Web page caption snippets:
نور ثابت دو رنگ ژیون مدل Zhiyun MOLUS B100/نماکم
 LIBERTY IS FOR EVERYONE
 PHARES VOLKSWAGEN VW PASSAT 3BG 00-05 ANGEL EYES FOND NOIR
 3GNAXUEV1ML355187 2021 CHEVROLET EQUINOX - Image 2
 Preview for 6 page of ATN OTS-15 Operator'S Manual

- [WHAT YOU NEED TO DO] Each line above is to be restated exactly as it stands.

- [RESPONSE BOX]
نور ثابت دو رنگ ژیون مدل Zhiyun MOLUS B100/نماکم
 LIBERTY IS FOR EVERYONE
 PHARES VOLKSWAGEN VW PASSAT 3BG 00-05 ANGEL EYES FOND NOIR
 3GNAXUEV1ML355187 2021 CHEVROLET EQUINOX - Image 2
 Preview for 6 page of ATN OTS-15 Operator'S Manual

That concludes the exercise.